Although I feel inadequate at times, I know that there are many things that I learned as a child that I have carried into adulthood, and those lessons have stood me in good stead. That’s the benefit of learning something as a child; it can be used from then on and, most importantly, it can save adults a lot of pain and sorrow by preventing them from acting in embarrassing or harmful ways.
One of life’s lessons I learned and which has been helpful to me is, “Be grateful for what you have.” How sad it is that some, even Christians, are not able to see how blessed they really are. Do they have a family? friends? church family? home? car? job? As you can imagine, the list can go on and on.
Who is our supreme example of gratitude?

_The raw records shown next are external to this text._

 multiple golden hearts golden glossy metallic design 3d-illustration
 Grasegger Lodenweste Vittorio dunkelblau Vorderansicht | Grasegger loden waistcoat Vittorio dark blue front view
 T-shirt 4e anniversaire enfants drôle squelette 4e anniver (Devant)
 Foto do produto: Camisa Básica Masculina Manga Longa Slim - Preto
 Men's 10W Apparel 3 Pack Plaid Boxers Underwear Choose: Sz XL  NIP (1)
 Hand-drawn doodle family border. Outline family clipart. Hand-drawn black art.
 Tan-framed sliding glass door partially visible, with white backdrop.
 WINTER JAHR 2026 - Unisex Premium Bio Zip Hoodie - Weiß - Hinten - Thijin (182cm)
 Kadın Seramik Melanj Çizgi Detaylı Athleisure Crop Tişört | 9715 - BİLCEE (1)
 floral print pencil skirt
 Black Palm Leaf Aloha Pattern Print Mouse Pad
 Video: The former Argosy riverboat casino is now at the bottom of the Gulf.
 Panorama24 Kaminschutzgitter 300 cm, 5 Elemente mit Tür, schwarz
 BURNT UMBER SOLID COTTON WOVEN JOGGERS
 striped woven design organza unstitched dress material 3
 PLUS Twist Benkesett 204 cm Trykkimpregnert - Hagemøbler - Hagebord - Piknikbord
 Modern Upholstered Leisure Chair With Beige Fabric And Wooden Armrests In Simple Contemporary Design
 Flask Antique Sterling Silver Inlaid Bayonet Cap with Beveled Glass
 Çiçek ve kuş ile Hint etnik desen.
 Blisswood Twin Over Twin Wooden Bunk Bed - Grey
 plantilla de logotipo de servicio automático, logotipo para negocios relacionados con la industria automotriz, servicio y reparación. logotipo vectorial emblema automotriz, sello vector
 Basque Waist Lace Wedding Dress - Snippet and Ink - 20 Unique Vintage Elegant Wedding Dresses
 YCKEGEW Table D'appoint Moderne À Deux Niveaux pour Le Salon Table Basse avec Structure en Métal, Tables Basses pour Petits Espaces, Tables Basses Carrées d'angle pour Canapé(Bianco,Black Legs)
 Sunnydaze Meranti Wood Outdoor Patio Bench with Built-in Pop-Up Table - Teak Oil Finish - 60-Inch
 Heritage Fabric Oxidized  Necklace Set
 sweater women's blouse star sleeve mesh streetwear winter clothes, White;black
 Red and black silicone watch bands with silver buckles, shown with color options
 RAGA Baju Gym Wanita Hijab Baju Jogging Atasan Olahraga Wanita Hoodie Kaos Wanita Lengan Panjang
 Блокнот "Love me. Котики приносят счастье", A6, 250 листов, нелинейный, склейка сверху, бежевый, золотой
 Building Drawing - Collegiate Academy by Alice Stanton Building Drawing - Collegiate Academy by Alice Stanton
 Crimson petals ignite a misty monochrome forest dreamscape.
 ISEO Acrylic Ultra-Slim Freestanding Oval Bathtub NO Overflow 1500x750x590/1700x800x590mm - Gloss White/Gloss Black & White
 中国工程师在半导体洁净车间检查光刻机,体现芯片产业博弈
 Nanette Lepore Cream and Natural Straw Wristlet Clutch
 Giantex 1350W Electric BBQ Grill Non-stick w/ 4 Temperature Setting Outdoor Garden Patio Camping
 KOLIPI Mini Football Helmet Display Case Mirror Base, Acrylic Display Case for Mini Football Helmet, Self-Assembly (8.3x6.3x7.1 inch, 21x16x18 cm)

Of course; it is Jesus. Though all things were made through Him (Jn. 1:3), He offered up thanksgiving to the Father on more than one occasion (Matt. 15:36; 26:26,27; Lk. 10:21; Jn. 11:41-44). He used a Samaritan leper to praise the grateful person and, by implication, condemn those who were not (Lk. 17:11-19). If He, though God in the flesh, felt the need to be grateful, why should it be any different for us?
Once a person realizes how much he has to be grateful for, how should he express that gratitude? It’s probably not that people don’t recognize what they have to be grateful for; they just either fail to be grateful or they don’t know how to express it.
When someone is kind or helpful to you, take the time to express your thankfulness. It doesn’t cost anything to say, “thank you.” A written note is even better. If the giver took a lot of time to shop, wrap, and give you a gift using their hard-earned money, is it such a burden to write a thank-you note? If they spent time cooking or baking something for you in your time of need, shouldn’t you at least take the time to express your feelings in a tangible way? It seems that society in general has forgotten the art of the thank-you note. Is it going the way of the dinosaur? It shouldn’t, if one is a Christian.
Though the author’s focus has been on physical blessings and our gratitude for them, the more important blessing for which we have to be thankful is salvation through Jesus Christ. How we live in this life is important, yes, but it is only important to the extent that it leads us to eternal life. Paul told his readers, “In everything give thanks, for this is the will of God for you in Christ Jesus” (I Thess. 5:18). How could Paul truthfully say this? Everything? Was he thankful for the beatings, stoning, imprisonments, hunger, thirst, cold, shipwrecks, and other dangers he suffered after becoming a Christian? Yes, he could be thankful for all the evil that befell him because he had something that compensated him for all those things – salvation (Rom. 8:31-39).
What about you? Are you thankful for the good things that have come from God? How about the burdens? If not, start today with acknowledging how blessed you have been with good things.
Thank those who have blessed you. Understand that burdens can also be a blessing if they lead you to a better appreciation for what you can have as a child of God - salvation that leads to eternal life.